Es por querer manipular esta imagen que el guatemalteco
se vuelve histriónico, mentiroso, charlatán, cuando no envidioso, pretencioso y
arribista, perdiendo su capacidad natural de ser auténtico, su tranquilidad, su
sentido discriminador y su fuerza autocrítica.
Es totalmente cierto que hay una parte del
guatemalteco de veras generosa, empática, amigable, servicial, incluso
sacrificial. Por tanto muchos extranjeros se sienten muy cómodos en Guatemala (otros, en cambio, no: les parecemos enmielantes,
o llanamente sosos). Siempre y cuando no cedamos a la manipulación, la
sensiblería, el control posesivo, y siempre que no nos disculpemos por todo
hasta el punto del asco (y siempre lo hacemos) somos criaturas relativamente
estimables.
Siendo así de amistosos, no dejamos entrar a
cualquiera a nuestro mundo. Es porque desconfiamos. Con lo cuál encontramos
aquí otra de nuestras inclinaciones psicogregarias: el miedo. Nada nos gustaría
más que nuestra existencia fuera completamente segura, lo cual nos hace
prudentes, pero a veces tanto instinto de seguridad se desborda, y se vuelve
todo fuente potencial de conflicto y hostilidad. Eso explica por qué abundan
los bunkers suburbiales en toda la ciudad y por qué usamos tantos malditos
diminutivos (achicamos el mundo para hacerlo seguro y administrable).
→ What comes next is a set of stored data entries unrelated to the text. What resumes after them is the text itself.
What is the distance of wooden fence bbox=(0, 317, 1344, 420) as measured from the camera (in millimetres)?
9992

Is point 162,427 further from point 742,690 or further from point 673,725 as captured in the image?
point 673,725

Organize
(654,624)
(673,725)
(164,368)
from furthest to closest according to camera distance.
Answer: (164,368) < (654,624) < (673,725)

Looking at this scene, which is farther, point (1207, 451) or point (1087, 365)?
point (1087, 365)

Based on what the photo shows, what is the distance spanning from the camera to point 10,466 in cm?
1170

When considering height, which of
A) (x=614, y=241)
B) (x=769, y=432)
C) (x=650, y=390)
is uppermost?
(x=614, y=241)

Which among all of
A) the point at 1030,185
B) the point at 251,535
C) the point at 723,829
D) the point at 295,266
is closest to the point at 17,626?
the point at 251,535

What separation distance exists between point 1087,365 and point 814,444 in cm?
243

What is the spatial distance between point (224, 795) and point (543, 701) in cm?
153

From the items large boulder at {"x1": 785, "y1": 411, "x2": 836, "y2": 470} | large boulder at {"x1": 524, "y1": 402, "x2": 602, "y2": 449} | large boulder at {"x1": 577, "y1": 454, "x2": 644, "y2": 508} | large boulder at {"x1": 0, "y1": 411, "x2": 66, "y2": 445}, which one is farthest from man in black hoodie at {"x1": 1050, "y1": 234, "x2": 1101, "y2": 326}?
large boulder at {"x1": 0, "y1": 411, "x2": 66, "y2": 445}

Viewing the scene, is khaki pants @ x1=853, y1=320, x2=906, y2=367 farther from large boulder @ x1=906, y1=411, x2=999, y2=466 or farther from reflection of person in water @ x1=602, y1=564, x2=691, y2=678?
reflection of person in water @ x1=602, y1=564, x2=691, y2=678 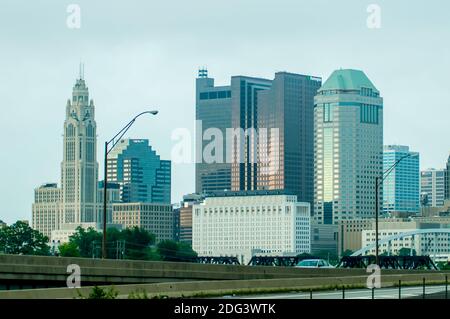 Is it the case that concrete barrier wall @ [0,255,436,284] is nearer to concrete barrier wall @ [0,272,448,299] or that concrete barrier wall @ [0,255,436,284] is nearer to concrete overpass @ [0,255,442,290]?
concrete overpass @ [0,255,442,290]

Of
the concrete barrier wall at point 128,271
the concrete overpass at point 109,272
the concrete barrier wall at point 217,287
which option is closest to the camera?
the concrete barrier wall at point 217,287

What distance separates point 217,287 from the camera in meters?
62.0

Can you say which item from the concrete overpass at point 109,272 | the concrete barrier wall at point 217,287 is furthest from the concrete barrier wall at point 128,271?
the concrete barrier wall at point 217,287

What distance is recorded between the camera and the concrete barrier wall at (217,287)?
48.0 meters

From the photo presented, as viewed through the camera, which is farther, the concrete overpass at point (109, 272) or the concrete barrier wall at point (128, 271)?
the concrete barrier wall at point (128, 271)

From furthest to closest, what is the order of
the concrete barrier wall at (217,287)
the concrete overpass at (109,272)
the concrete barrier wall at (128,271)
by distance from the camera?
the concrete barrier wall at (128,271)
the concrete overpass at (109,272)
the concrete barrier wall at (217,287)

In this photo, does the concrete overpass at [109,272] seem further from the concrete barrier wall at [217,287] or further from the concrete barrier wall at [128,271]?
the concrete barrier wall at [217,287]

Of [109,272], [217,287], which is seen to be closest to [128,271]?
[109,272] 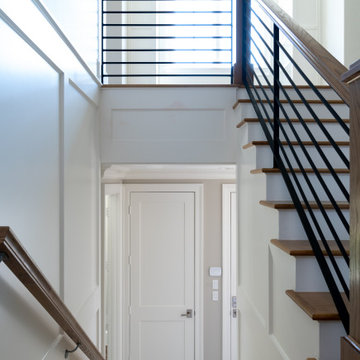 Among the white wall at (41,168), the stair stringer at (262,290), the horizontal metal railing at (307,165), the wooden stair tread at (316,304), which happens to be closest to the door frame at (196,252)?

Hay razones legítimas para tener miedo, pero
luego es cierto que hemos creado, inconscientemente, una situación colectiva
que confirma nuestra tendencias paranoicas. Tenemos miedo de nuestra realidad,
pero resulta que nuestra realidad es una manifestación de nuestro miedo.
Por aparte, hay esa cepa de recelo en nosotros
que se traduce como duda procelosa, falta de asertividad y confianza, carnosa
vergüenza, y un sentirse inadecuado. Es todo muy larval.
Cuando nuestros miedos se juntan con nuestras
inercias, caemos pronto en la parálisis.